HAVANA TIMES — Turning fifteen stirs up conflicting emotions in Cuban teenagers. Every young girl knows that her family will throw her a party no matter what the cost, even if this family, as is most often the case, doesn’t have the financial means to do so. The parents, for their part, look at the festivities as an obligation, for their daughter “is not beneath the rest.”
This coming-of-age celebration entails joy and frustration, festiveness and anxiety, competition and submission. All of this comes as though in pre-prepared doses: each of the people involved get a certain quota of enjoyment and misfortune.
Yanela turns fifteen at the end of August, but she booked her photo session months ago. The studio is far from her home, the prices are very high and she would have been happy with run-of-the-mill pictures of her in her new clothes (every new set of clothes, with shoes, costs at least 60 CUC). Despite all this, this is what she says to me: “Have you come across a single girl who turns fifteen and doesn’t get at least one picture wearing a fancy dress?”
To get that picture, her parents must purchase a full package that includes the long dresses (which recall the young women of the 19th century) and the photos (some taken in the studio and some in exteriors).
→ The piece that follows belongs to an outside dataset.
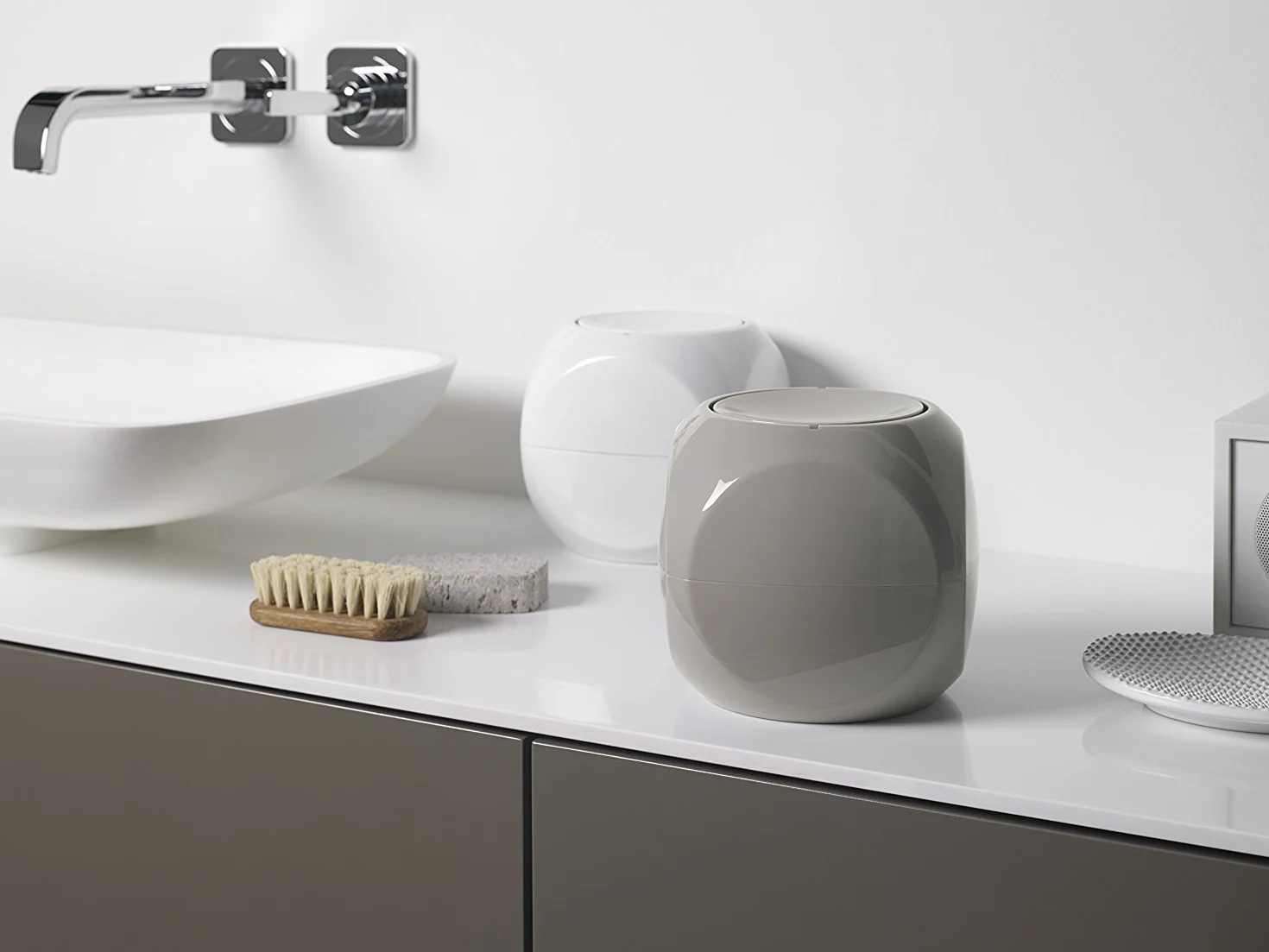 Spirella - Papelera para cosméticos - Contenedor de residuos de baño - 1 litro con tapa giratoria - Blanco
The album, as it was once called, has been gradually modernized: nowadays, it consists of a photo-album, a CD with the photographs and, most of the time, a DVD with a video montage of the shoot.
Curiously enough, Yanela doesn’t want the video, and her family won’t have to spend the 50 CUC it costs. They will only have to pay 390 CUC for the photo package. Yanela doesn’t want a party either. Until a few days ago, her plan for this most holy of birthdays was to go out to eat with her closest friends (this is what her friends have done). She had saved up 50 CUC for this.
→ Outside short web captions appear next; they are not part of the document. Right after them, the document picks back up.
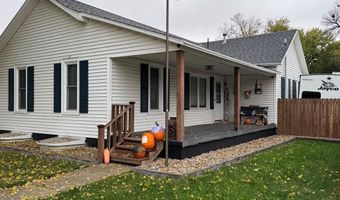 807 6th St, Aurora, NE 68818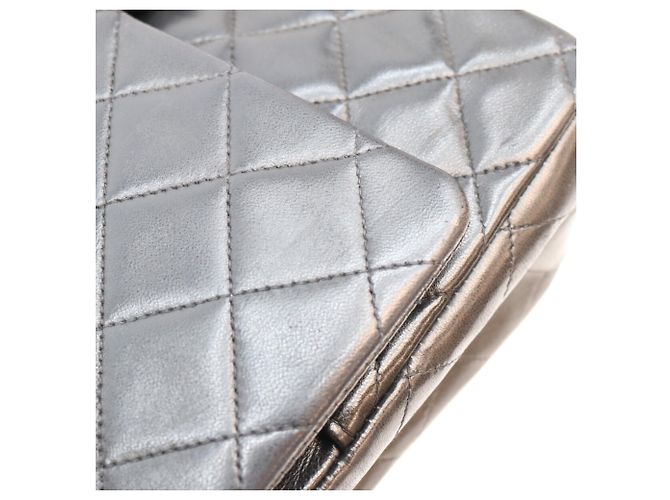 Bolso de hombro Chanel de piel de cordero acolchada negra Negro - vista 9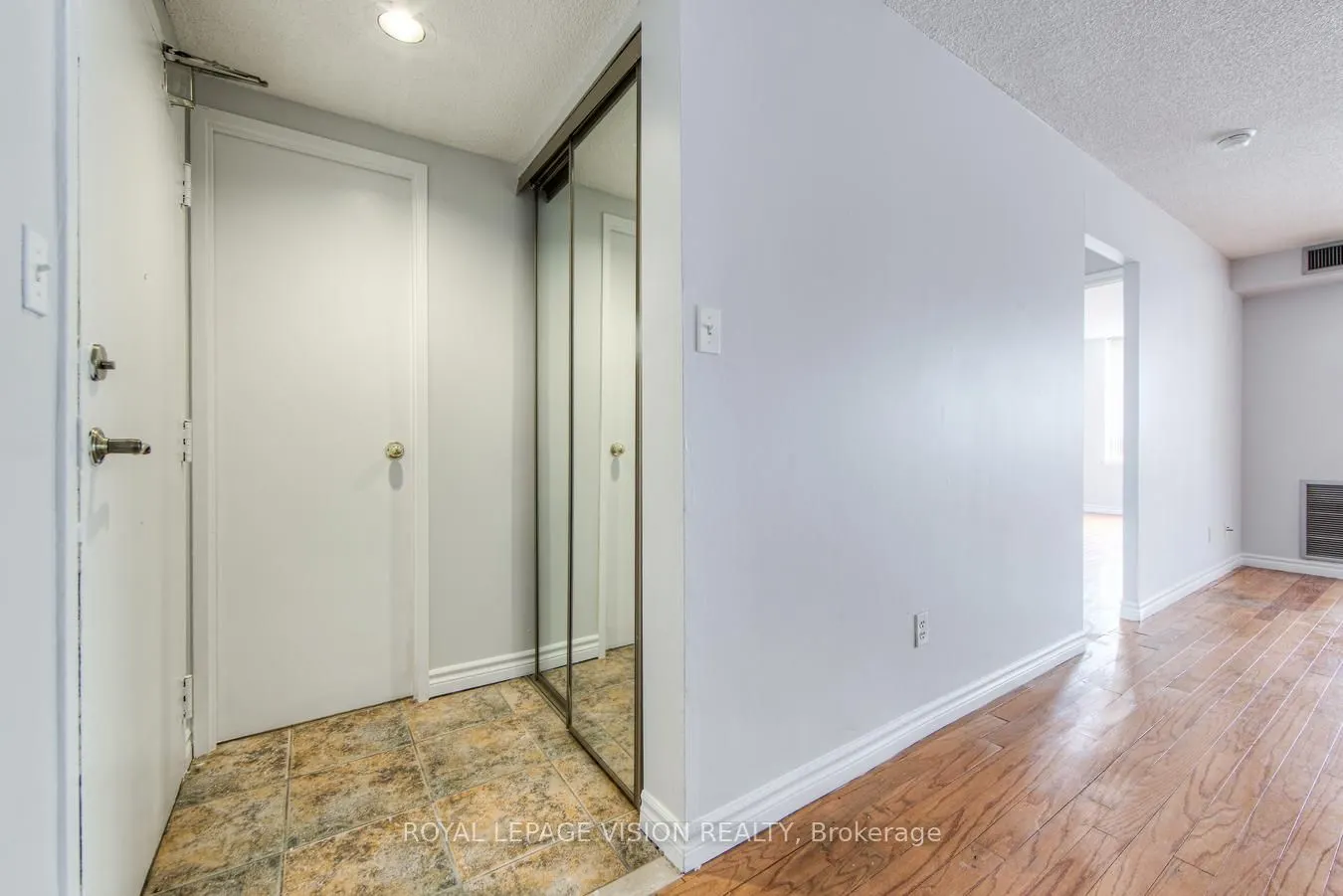 633 Bay Street, #216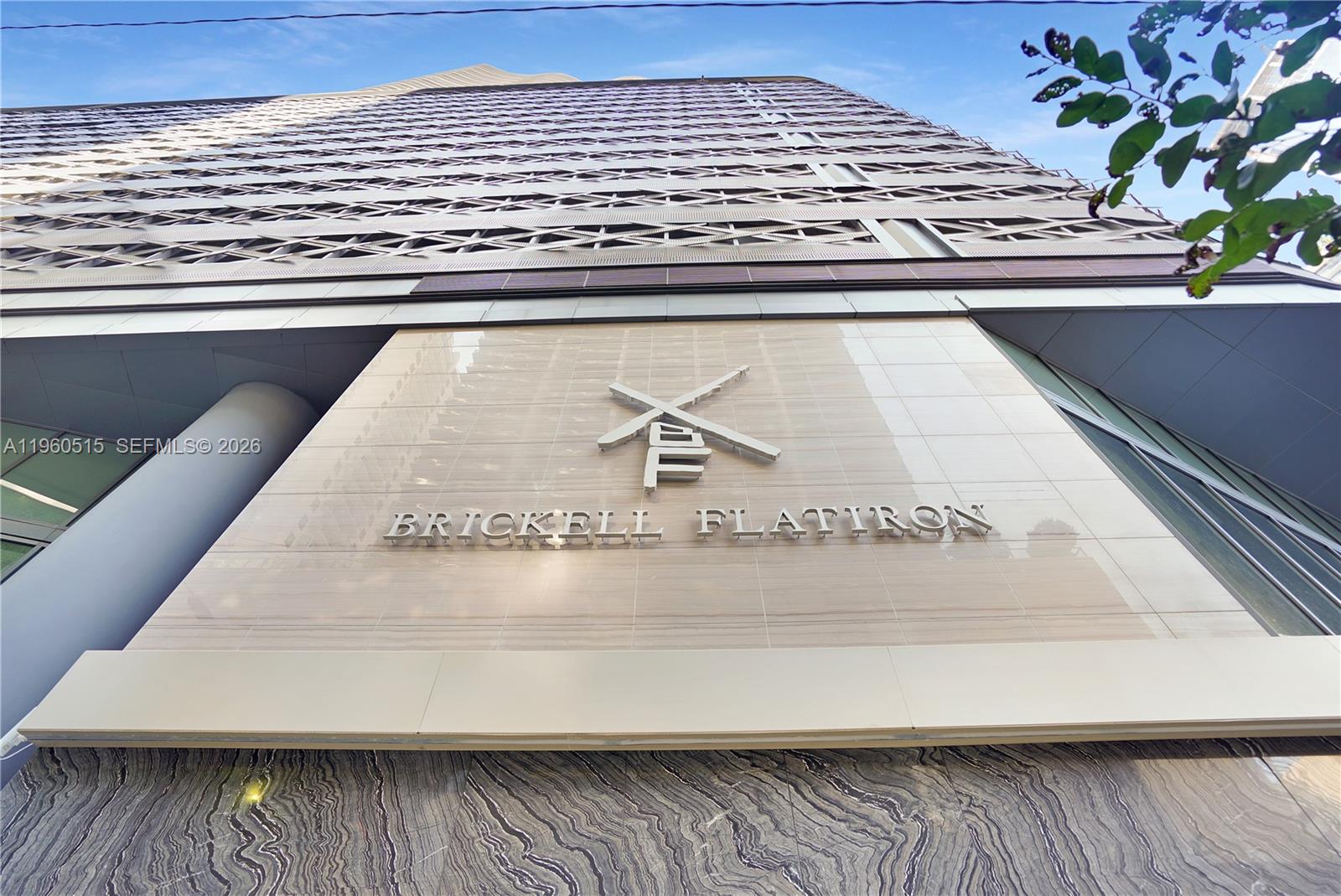 1000 Brickell Plz #1902 Miami, FL 33131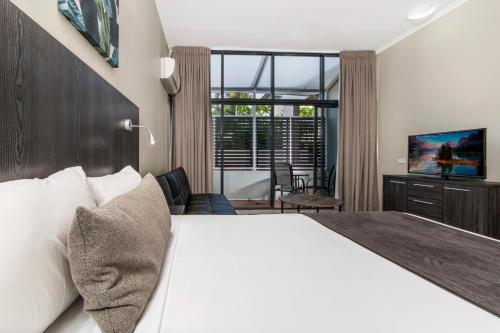alivio hotel cairns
But plans have a habit of changing, interests vary, trends impose themselves. Now she wants a mobile phone (all of her friends have one) and wishes to spend her birthday at a swimming pool (with her classmates, of course). And there’s not enough money for that.
Trends are like a wild merry-go-round that seduces us with its dazzling colors. When we get on, we cease to be ourselves and become docile consumers. The more we spin around in the merry-go-around, the more individuality we lose, the more frustrated we become and the less interested we become in ever getting off.
A girl’s fifteenth birthday, and the industry that has developed around this celebration, are a veritable financial burden on most Cuban families. Despite this, no family wants to be left without the “memories” of the child.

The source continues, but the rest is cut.